Um dia depois de o presidente Luiz Inácio Lula da Silva conclamar governadores para uma mobilização pela segurança, um representante dos especialistas em inteligência da área federal criticou a falta de integração entre os diferentes serviços estaduais e da União. Para o presidente da associação dos servidores da Agência Brasileira de inteligência (Abin), Nery Kluwe, o sistema brasileiro de inteligência não funciona.

"Falta sinergia e conectividade entre os órgãos"

A onda de ataques a ônibus e delegacias, que provocou 18 mortes na semana passada, no Rio, foi usada por ele para exemplificar a falta de sinergia entre os órgãos de inteligência das polícias civis e militares, da Polícia Federal e da própria Abin. Na opinião de Kluwe, esses órgãos não interagem e, por isso, o sistema não funciona. No Rio, diz, repetiu-se o que aconteceu no ano passado em São Paulo.

- A missão da inteligência é antecipar os problemas. Havia indícios e dados que davam a entender que haveria uma ação daquele tipo (no Rio), e o estado, por falta de conexão entre os órgãos de inteligência, ficou à mercê dos fatos. O sistema brasileiro de inteligência não existe, e a Abin não tem sido o órgão central do sistema. Nos Estados Unidos, todos os sistemas de inteligência estão subordinados a um assessor especial da Presidência - diz Kluwe.

- As comunidades já tinham ouvido falar e tinham informações de que haveria uma ação desta natureza, mas a informação não foi tratada. O papel da inteligência é antecipar. A repressão é outra coisa. Falta sinergia e conectividade entre os órgãos. A Abin tem de fazer a leitura do discurso do presidente, de ontem (segunda-feira), e se preparar para se conectar com os órgãos de segurança do estado.

Responsável por defender os interesses dos analistas de informação da agência, Kluwe explica que desde novembro uma equipe de cinco agentes desse setor da Abin atua no Rio. Mas criticou a orientação da direção do órgão para que os analistas não usem a carteira funcional nem as armas individuais. Analista de informações por formação, Kluwe defende maior integração, sob o comando de um organismo federal, dos serviços de inteligência que atuam no Rio.

- O problema no Rio é possível de resolver. Vivemos uma situação similar à da Chicago dos anos 50, quando se teve de deslocar um grupo federal para reagir. As favelas não fabricam armamento e não fabricam cocaína. É necessário identificar os líderes e coibir. Em paralelo com isso, fazendo um trabalho social de redução da desigualdade e de dar alternativas - disse.

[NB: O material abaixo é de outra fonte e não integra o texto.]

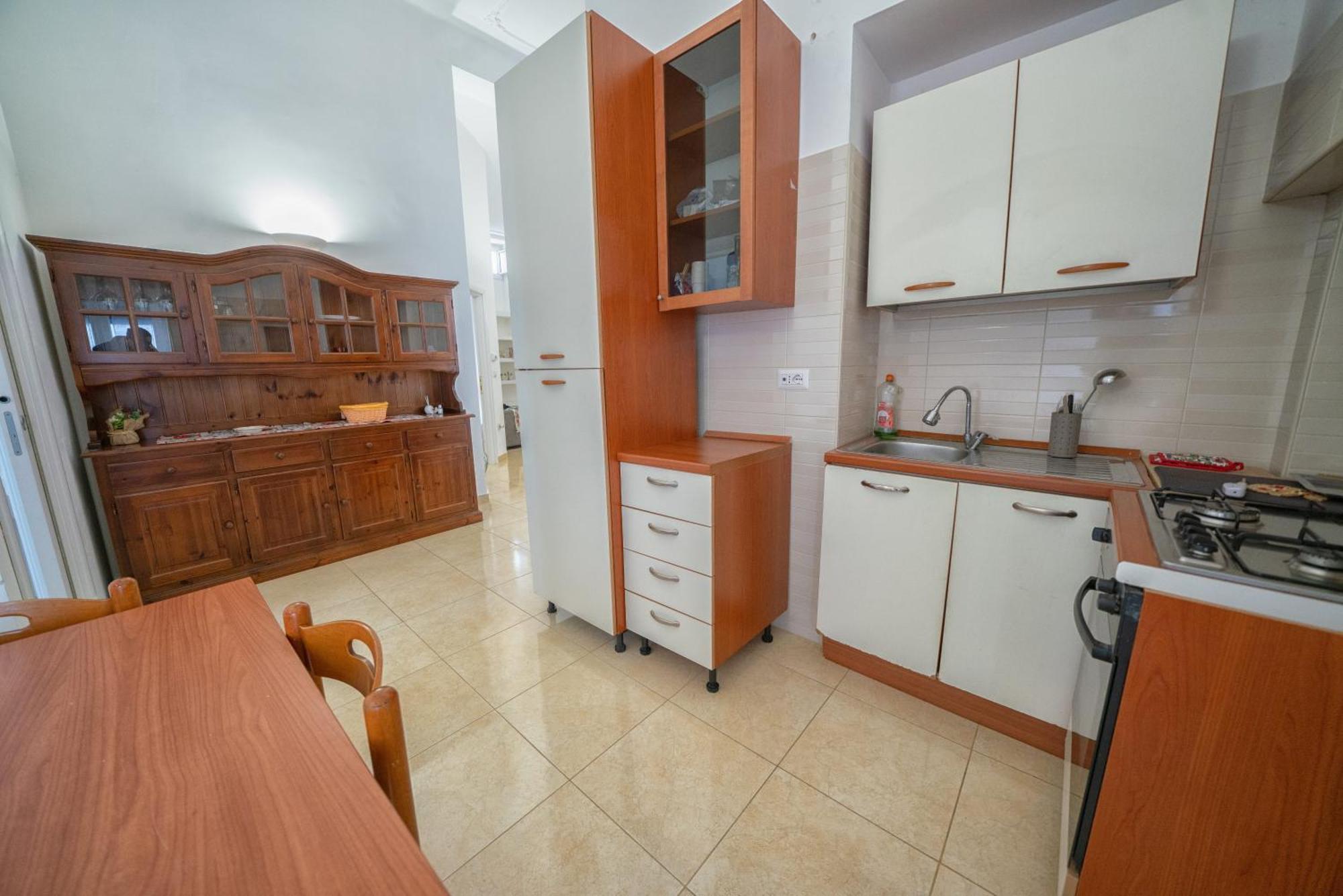 Shiny House Elegant Apartment In The City Center Мартина-Франка Экстерьер фото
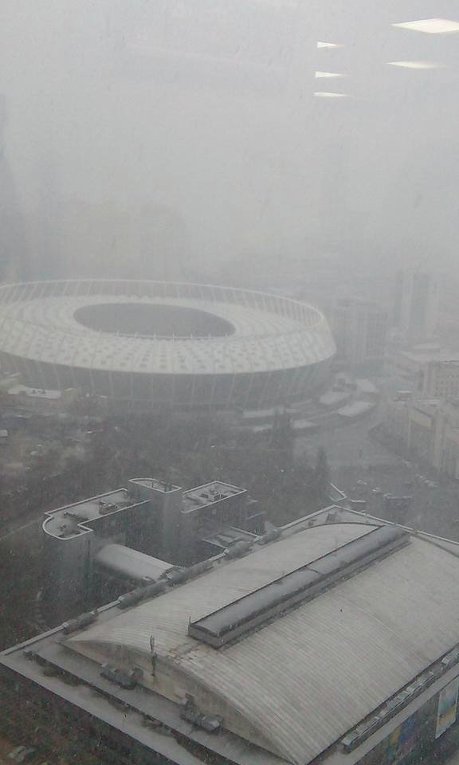 Снегопад в центре Киева. Вид на НСК Олимпийский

Ele afirma, entretanto, que é necessário dar uma resposta aos atos de violência:

- Nenhuma sociedade pode ficar à mercê de grupos armados que vão fazer ações para criar o medo. O poder do Estado tem de se sobrepor a isso. Mas tem de ser um trabalho de inteligência, e que tem de ser feito sem esse espalhafato que vem sendo adotado. É um desafio para os órgãos envolvidos.

Preocupação com a segurança do Pan

Kluwe se mostrou preocupado com a segurança dos Jogos Pan-Americanos:

- O coordenador de segurança da área tradicionalmente é o comandante da força armada terrestre, no caso o Exército. Mas a segurança, neste caso, ficou a cargo da Secretaria Nacional de Segurança Pública da Abin, e o Exército não teve a participação que tem de ter. Este é um fator de grande preocupação, inclusive entre os militares, porque estão sendo tratados como meros executores.